Running to Tell

MARATHON

So the women . . . ran to tell his disciples. Matthew 28:8

The modern-day marathon is based on the story of a Greek messenger, Pheidippides. According to legend, in 490 bc he ran approximately twenty-five miles (forty kilometers) from Marathon to Athens to announce the Greeks’ victory against their formidable foe, the invading Persians. Today, people run marathons for the personal satisfaction of an athletic achievement, but Pheidippides had a greater purpose behind his effort: each of his steps was run for the sheer joy of delivering good news to his kinsmen!

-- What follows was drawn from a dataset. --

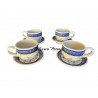 Juego de 4 Tazas y Platos Para Cafe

Some five hundred years later, two women also ran to deliver good news—the most pivotal news in all of history. When Mary and Mary Magdalene arrived at the tomb where Jesus had been placed after His crucifixion, they found it empty. An angel told them that Jesus had “risen from the dead” and to “go quickly and tell his disciples” (Matthew 28:7). The women, “afraid yet filled with joy,” ran to tell the disciples what they’d discovered (v. 8).

May we have the same joyful exuberance at the resurrection of Jesus, and may it invigorate us to share the good news with others. We may not even need to “run” farther than next door to find someone who needs to know about our Savior. He won the battle against death so we might live victoriously with Him forever!